*** Opening of Information shown ***
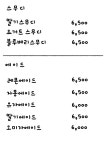 열매달이레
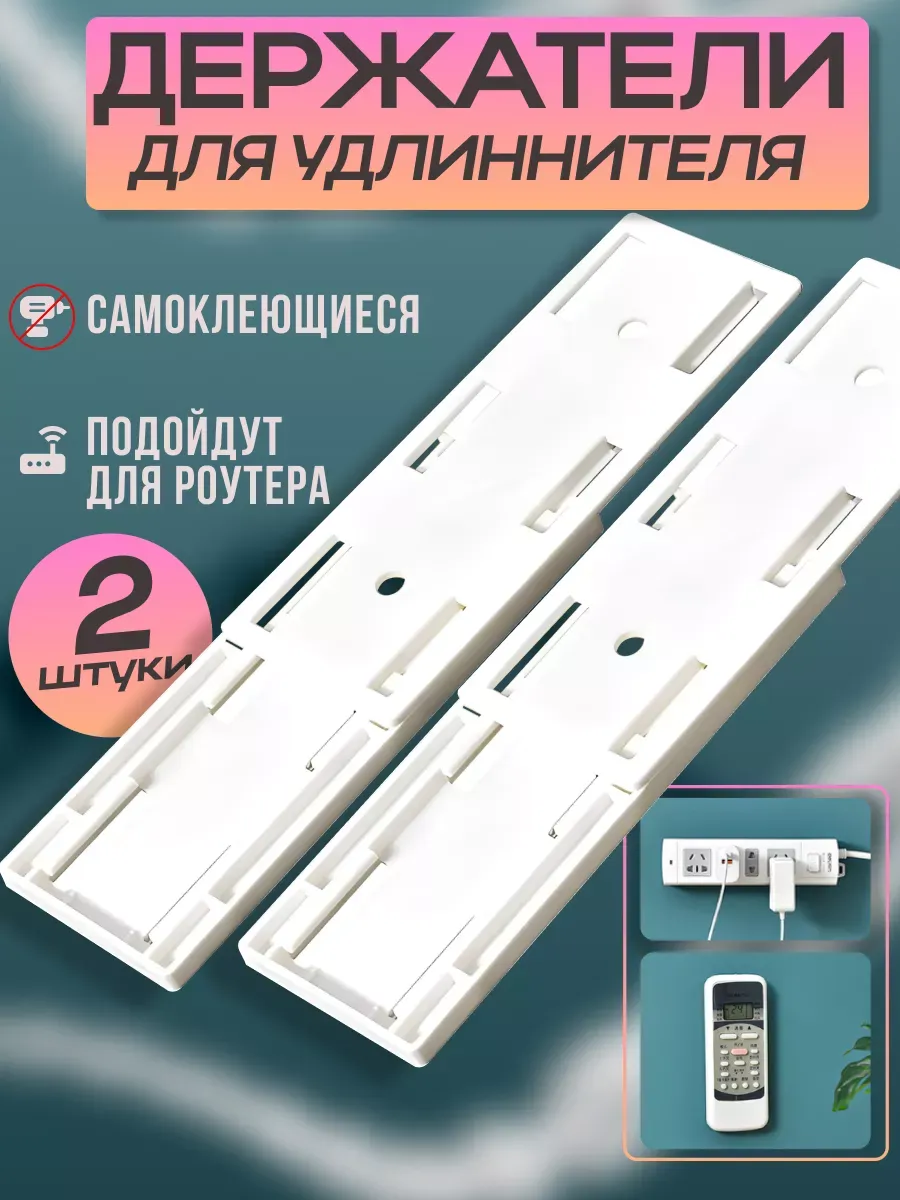 Держатель для удлинителя самоклеящийся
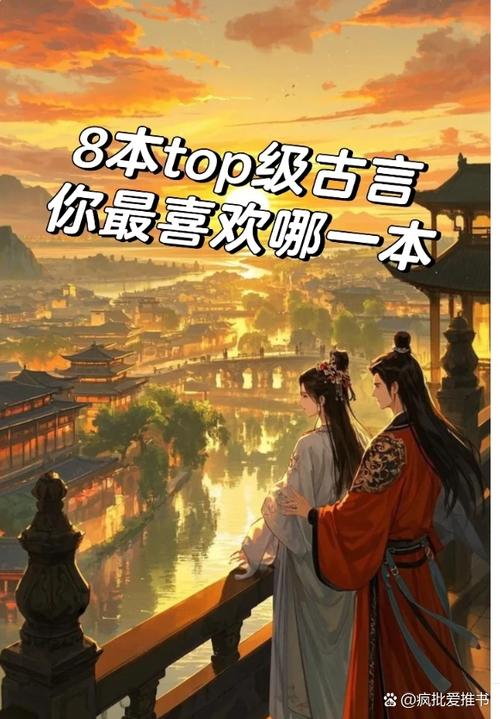 芒灯小说《高攀》，周时桉郁桃免费阅读，无弹窗番外全看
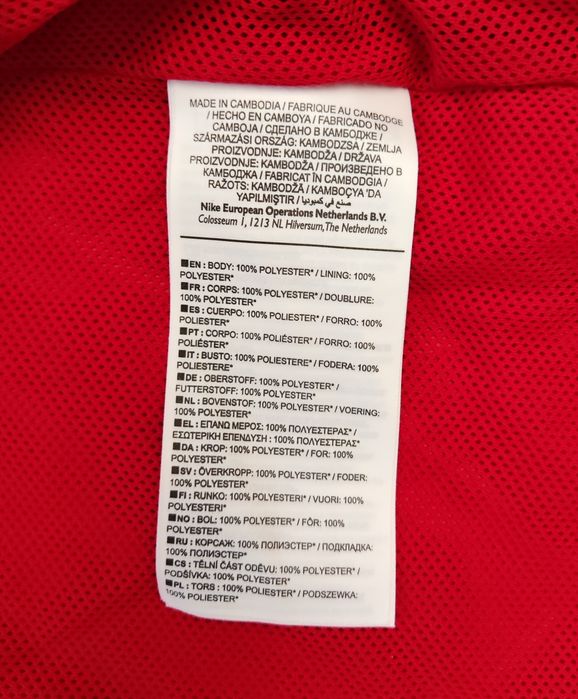Nike męska czerwona kurtka z kapturem w rozmiarze M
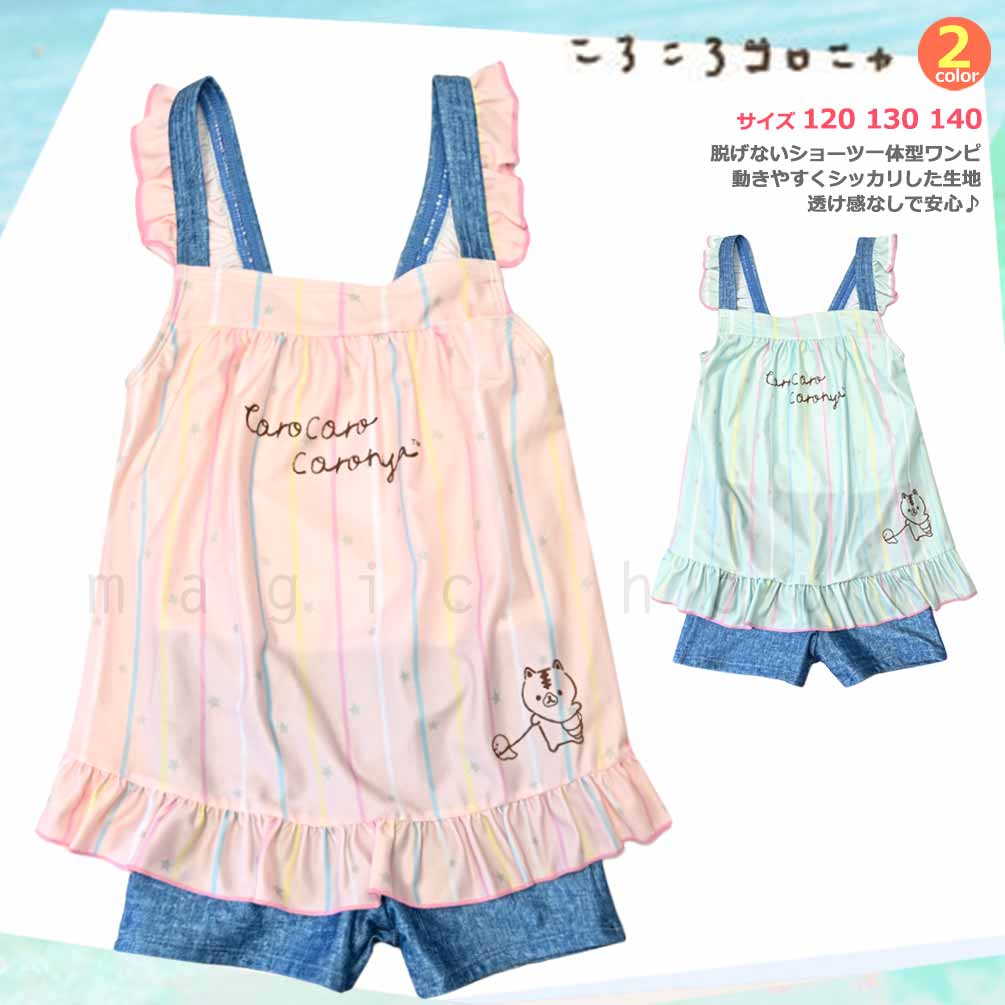 CRN-MRGRSW-312501-LTPNK-120 : 検索結果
*** Close of Information shown ***
Goal of the exercise:
What you hand back should match the entries above exactly, except that no picture appears.

Answer box:
 열매달이레
 Держатель для удлинителя самоклеящийся
 芒灯小说《高攀》，周时桉郁桃免费阅读，无弹窗番外全看
Nike męska czerwona kurtka z kapturem w rozmiarze M
 CRN-MRGRSW-312501-LTPNK-120 : 検索結果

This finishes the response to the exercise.